Пьер в ограде господского дома, во флигельке. Частенько Ефимка у него оставался. Чем больше Пьер парня узнавал, тем больше к нему привыкал… И вдруг как обрезал парнишка. Ходить перестал, точно дорогу ему кто заказал.
Не сразу Пьер узнал, что на плечи Ефимки беда свой тулупчик накинула.
Не успели бураны студеные отгреметь и цветы в полях зацвести, как Федот привел в дом молодую жену — сыну мачеху.
Не больно желанной была Федоту она, да не смел он перечить родне — старшему брату, а брату напела жена, в сродстве была она со вдовой молодой.
Известно как затевались в те поры свадьбы такие: ты вдовец и она вдова — по дому хозяйка нужна; молодую взять — из дома глядеть станет; старую в дом ввести — на сына ворчать будет.
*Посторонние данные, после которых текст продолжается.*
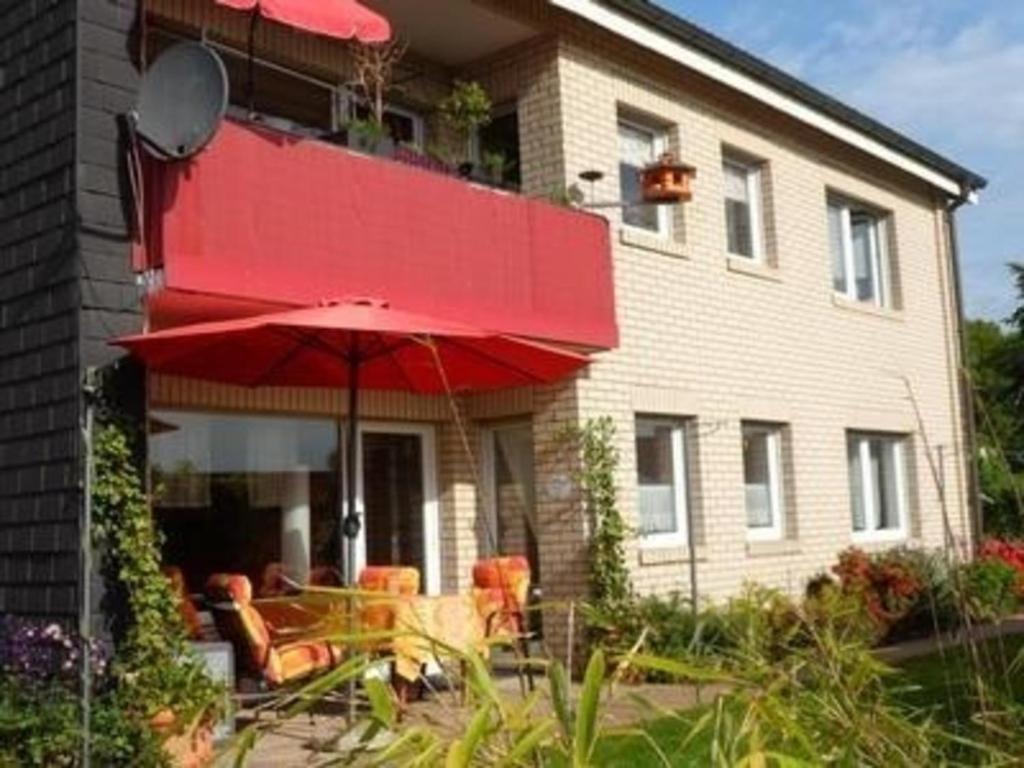 奧爾珀的住宿－Gemütliche Ferienwohnung in Eichhagen mit Grill, Terrasse und Garten，房屋前的红伞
Суды да пересуды — всучили мужику женушку.
У нее свой сын был. С первых дней взъелась новая жена на Ефимку. Стала кипеть в ней злость на него за то, что был он парень проворный, к отцовскому делу приважен — камень умел понимать. Родной сын у нее был до того ленив, что своей головы не причешет.
Как ввел Федот жену в дом, так сразу обоих парней за дело посадил. Только различна большая у них получалась. У Ефимки любая поделка — картинка, а у Санко не подсвечник, а ухват, не брошь, а корыто.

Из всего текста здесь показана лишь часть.